▸ **Work order**
No pictures belong in the copy. Reproduce exactly the lines beginning at the line containing "2 x Maxell DVD-RW" and continuing to the end of the entries below.

[Records from a data source]
□ □ □ □
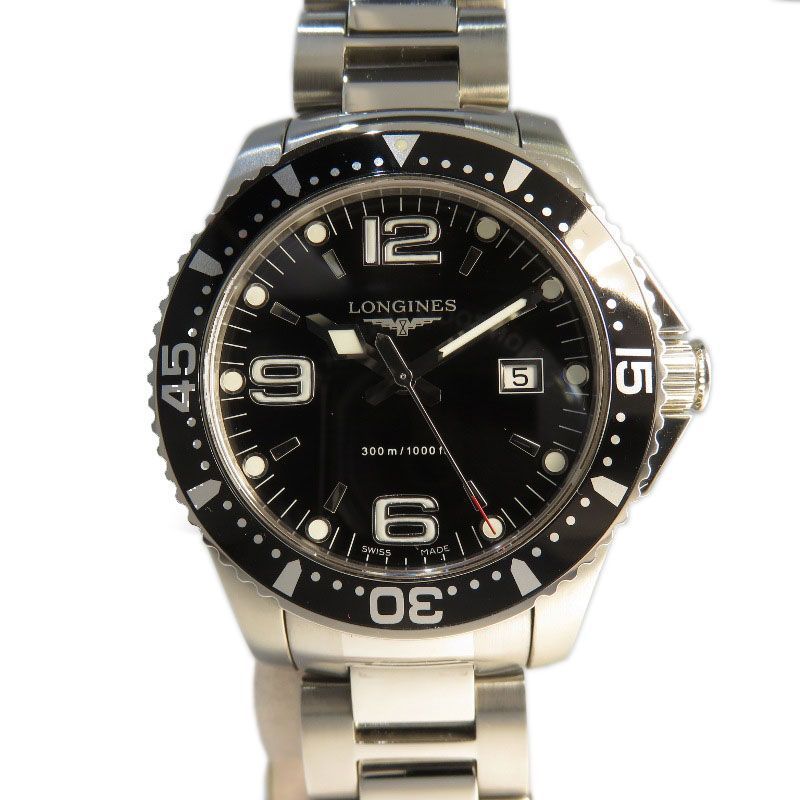 LONGINES Longines HydroConquest Date L3.640.4 Quartz Mens Watch Black Dial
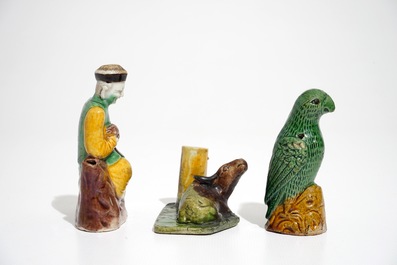 Two Chinese verte biscuit joss stick holders and a model of a parrot, Kangxi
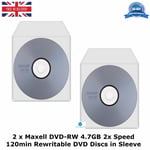 2 x Maxell DVD-RW Storage 4.7GB 2x Speed 120min Re-Writable DVD Discs in Sleeve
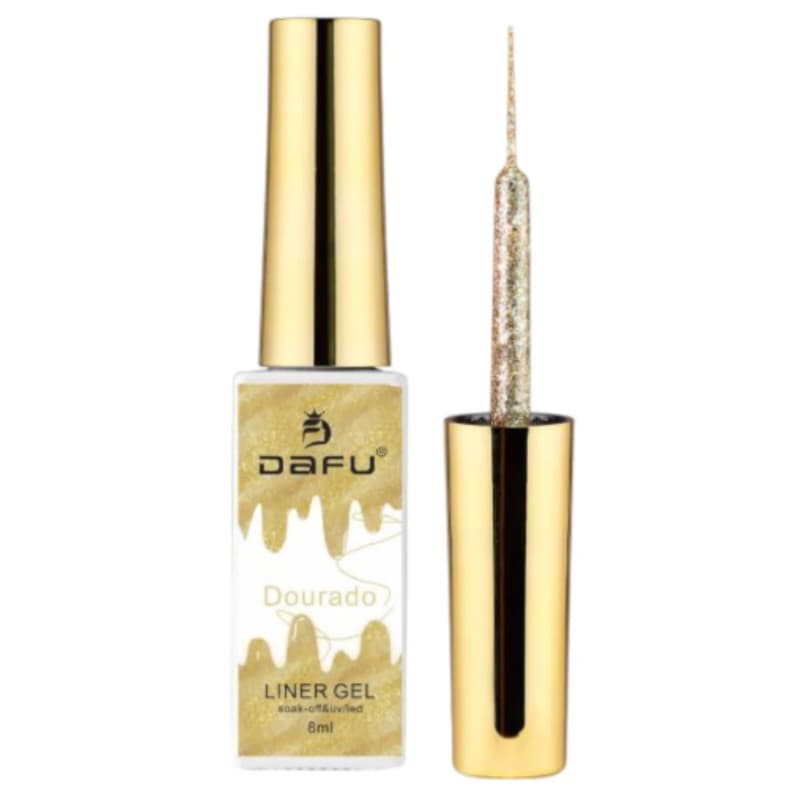 Esmalte Em Gel Linha Liner  Glitter Dourado Dafu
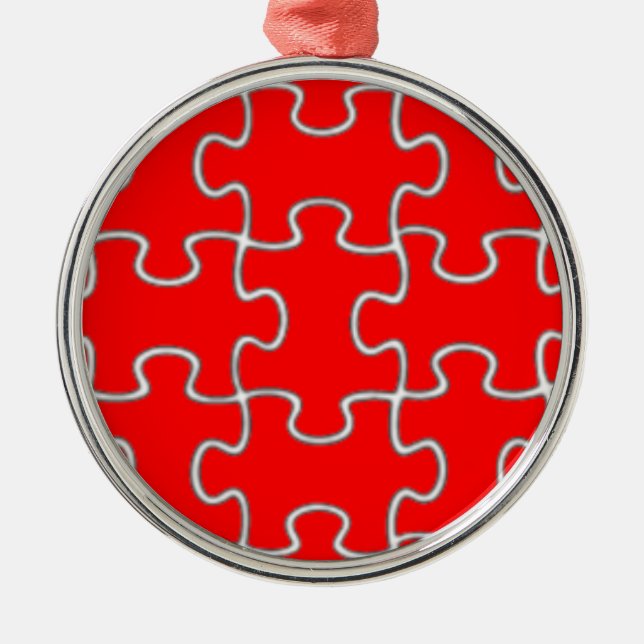 colour puzzle pieces metal ornament (Front)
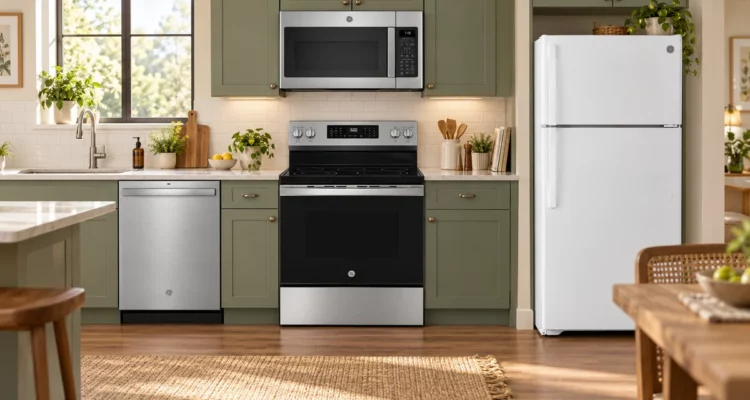 AI-generated kitchen illustration with a microwave, dishwasher, electric range and white top-freezer refrigerator.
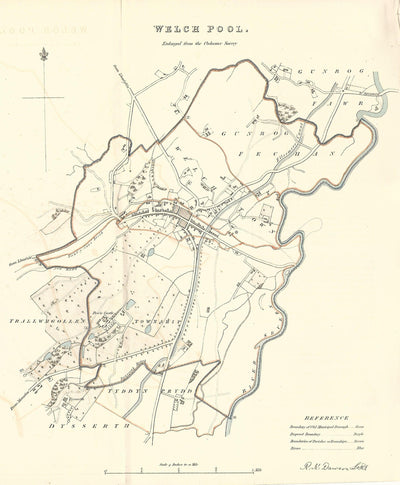 Welshpool Powys Wales antique map Boundary Commission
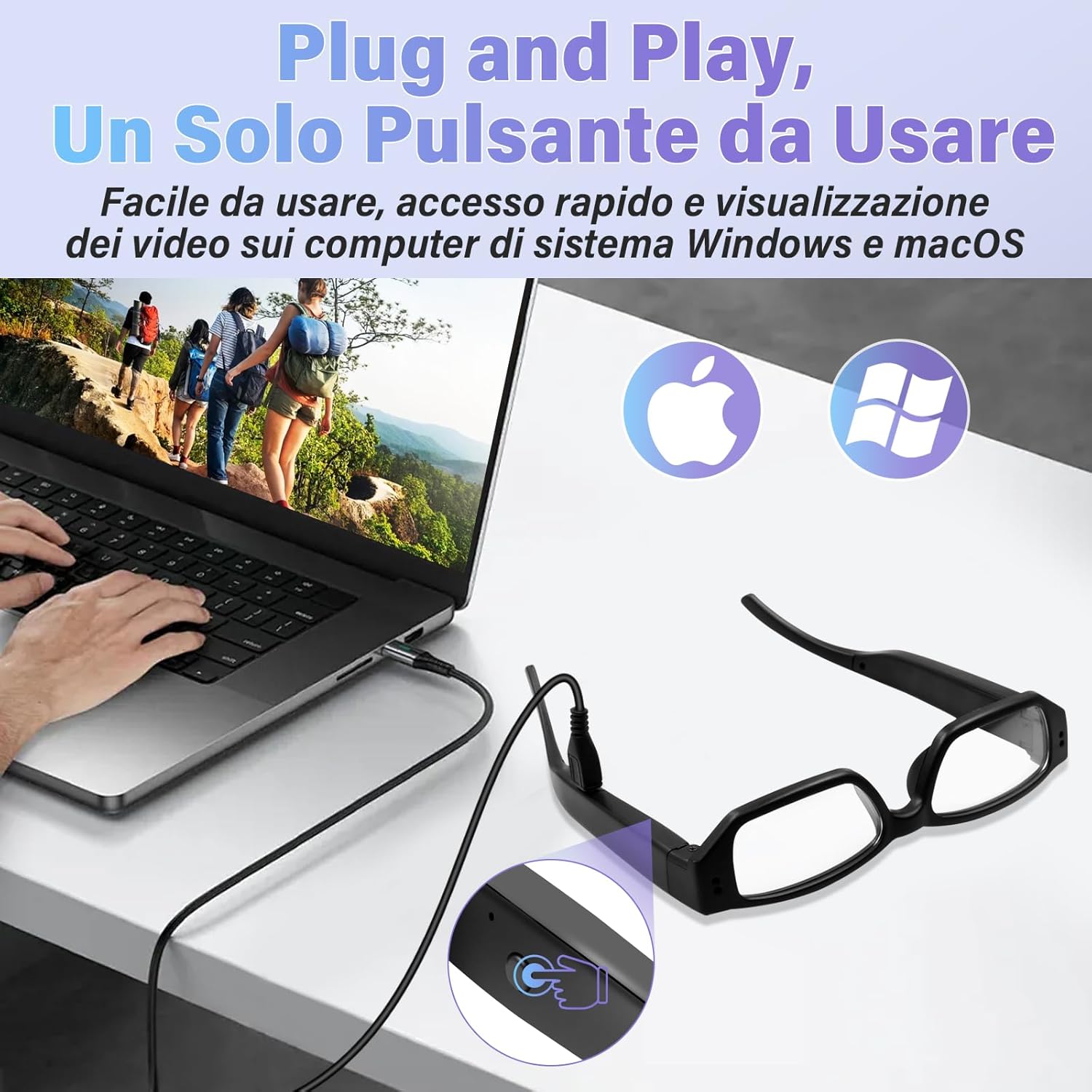 Image showing the UYIKOO BGL13 Camera Glasses connected to a laptop via USB cable for data transfer.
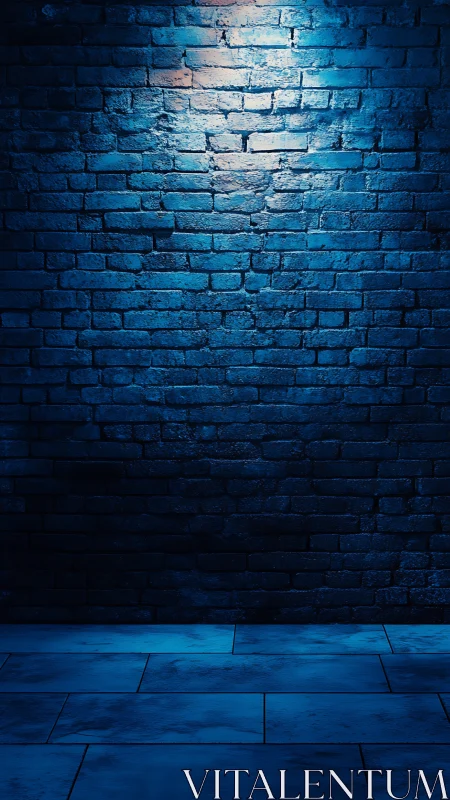 Moody blue brick wall glows under dramatic spotlighting at night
□ □ □ □
▸ **Result of this exercise**
 2 x Maxell DVD-RW Storage 4.7GB 2x Speed 120min Re-Writable DVD Discs in Sleeve
 Esmalte Em Gel Linha Liner  Glitter Dourado Dafu
 colour puzzle pieces metal ornament (Front)
 AI-generated kitchen illustration with a microwave, dishwasher, electric range and white top-freezer refrigerator.
 Welshpool Powys Wales antique map Boundary Commission
 Image showing the UYIKOO BGL13 Camera Glasses connected to a laptop via USB cable for data transfer.
 Moody blue brick wall glows under dramatic spotlighting at night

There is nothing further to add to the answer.